ポール・クルーグマン 『私が東京で言ったこと』 3月27日 niconicoffee

(クルーグマン教授) 4点を申し上げたく存じます。第1は、「我々はいま、経済的な弱さの蔓延した世界 the world of pervasive economic weakness の中にいる」ということです。多くの面で、我々はみな日本になってしまったのです we are all Japan now 。これが、日本も含め、みんなにとって政策を難しいものにしています。

第2は、「主要経済大国 major economies どうしの結びつきが強まっている」ということです。従来の経済学上の議論が提起してきた以上にということです。私がそう主張しますのは、主として資本移動 capital flows という面からであります。これについてお話しするのは非常に大事なことです。

第3は、今ここで特に懸案となっていることかとも思いますが、「非常に大胆かつ非伝統的な金融政策 monetary policy を通じてさえ、目標を達成することが難しく思われるようになった」ということです。黒田さん Kuroda-san もここにおられるのですから、我々がこれについて話さねばならないのは明らかであります。

第4がなにかと申しますと、「金融政策は財政政策 fiscal policies の助けを必要とし、できればその他の諸政策の助けも必要とする。しかし、間違いなく財政面で必要とするのであり、反対方向へと動いている財政政策と格闘する必要はまったくない」ということです。この点は、ただ日本だけの問題ということではなくて、いまや、きわめて全世界的な問題なのであります。

では、これら4点について敷衍させていただき、そして、そこから何が言えるのかということを、二つ三つ、お話しさせていただきたいと思います。

日本以外の主要経済大国が「日本化 Japanification 」しているとも称される、この〔経済の〕弱さというのは、――このような単語が使われているのは不幸なことではありますが、いまはとりあえず有用なものとしまして――きわめて重大であります。

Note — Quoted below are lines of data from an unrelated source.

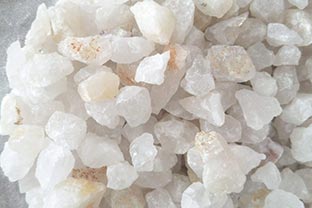 石英砂除鐵應(yīng)該如何選擇磁選設(shè)備？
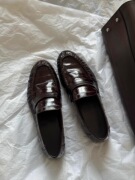 Cowhide ~ Grape Mom's Same Style Genuine Leather Retro Pleated Loafers for Women with Thick Heels and Lazy Flats Shoes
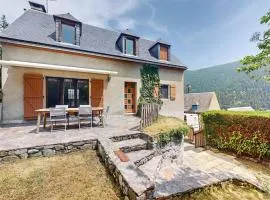 Maison Vue Sur Les Montagnes
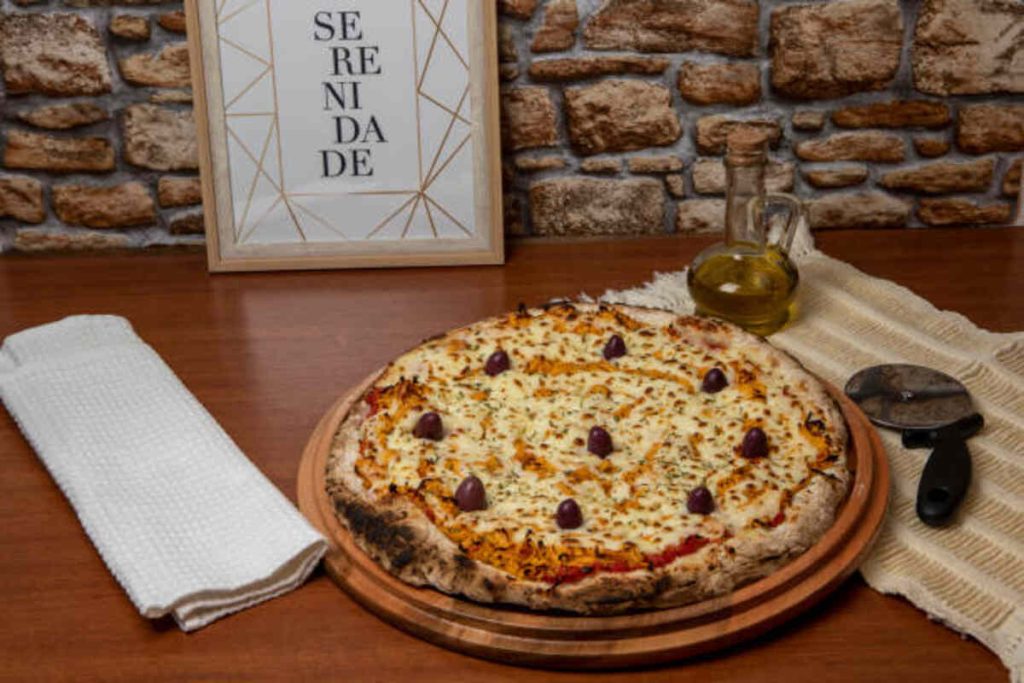 United Airlines Adds Pizza to Economy Cabin Menus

ユーロ圏はいま大いに、1998年、1999年ごろの日本のように見えているのであります。経済の基礎条件 fundamentals 〔経済指標〕が似ているのです。労働年齢の人口は縮小しつつあります。投資のけん引役となる技術革新 Technological drivers of investment は、強力であるようには思われません。ただひたすら、弱さがずっと続いているように思われるのです。

欧州中央銀行は、非常に賢明な人物によって運営され、非常な効力を持っているのではありますけれども、インフレ目標を達成することができずにいます。

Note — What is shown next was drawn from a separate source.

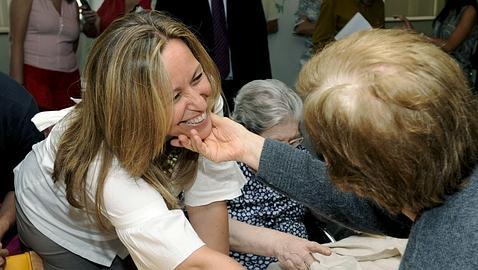 Sanidad inicia su cruzada contra los alimentos hipercalóricos en los colegios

欧州経済が改善されたようにみえる時期がくることもあるのですが、その状況というのはまさに…。成長というのが…。ますます「長期的停滞 the secular stagnation 」という概念そのものに見えるようになってきているのです。マネーがジャブジャブなのに弱さが続いているのですから persistent weakness despite very easy money 。

アメリカ合衆国はマシに思われますし、ずっとうまくやってきました。とはいっても、それもいろいろな比較の中に置いて見なくてはなりません。雇用の増加は良好でしたが、生産量の伸びは大したものではありません。

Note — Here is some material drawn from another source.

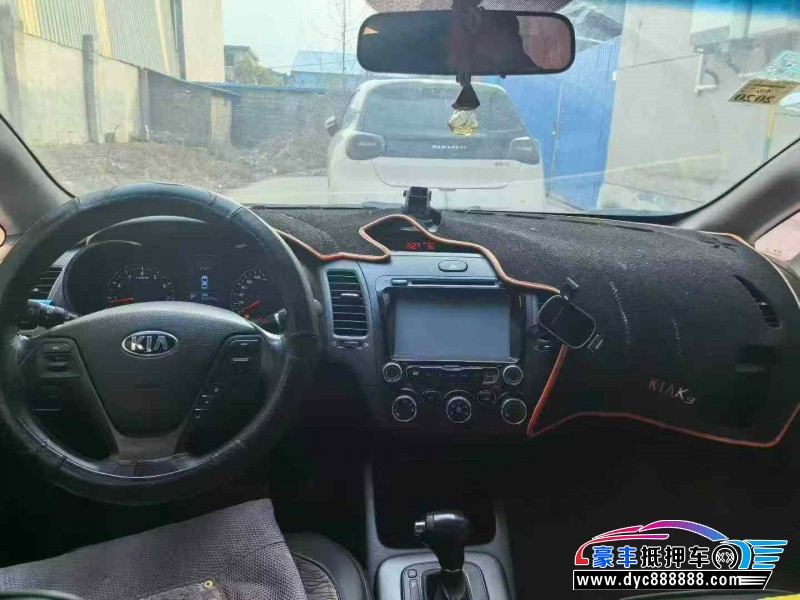 14年起亚K3轿车抵押车出售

我々〔米国〕へも弱さが入り込みつつあるのだという、いろいろな兆候があるのです。インフレは依然として目標値以下ですし、賃金も大して伸びはしてません。ということは、我々〔米国〕も絶好調とはとても言えないのです。その理由はすぐあとで説明いたします。よその国の問題によって我々の足が引っ張られるであろうと考えられる、一つの理由があるのです。

そして、さまざまな新興市場は、大いに問題を抱えています。とりわけ最大の新興市場がそうなのです。つまりあなた方のお隣の国です。中国は暴発寸前であると言われ…。何年にも渡って、調整が大きな問題となるであろうこと、非常に高い投資の…経済を支え続けることはできないであろうということが、周知のことでありました。彼らは、いまだこれに対処する方策を見いだしてはいません。中国の政策はそうとうに危なっかしいもの erratic に思われます。いま起きつつあることと併せて考えると、それはよい兆候ではないのです。

主要経済大国どうしの相互依存 interdependence は、私の意見では、極めて広範なものです。通常は、私やその他〔の経済学者〕の見解というのは、「相互依存性は限定的なものである。なぜなら、こんにちでさえ、国際的な取引の流量というのはそれほど大きくないからだ」というものです。今日でさえ、主要経済大国のそれぞれは、GDPのほんの数%を他国へと輸出しているにすぎないのです。ですが、投資家たちの認識 perception が「弱さがこれからも続きそうだ」という方へ傾くならば、そこからの影響はずっと大きなものとなるのです。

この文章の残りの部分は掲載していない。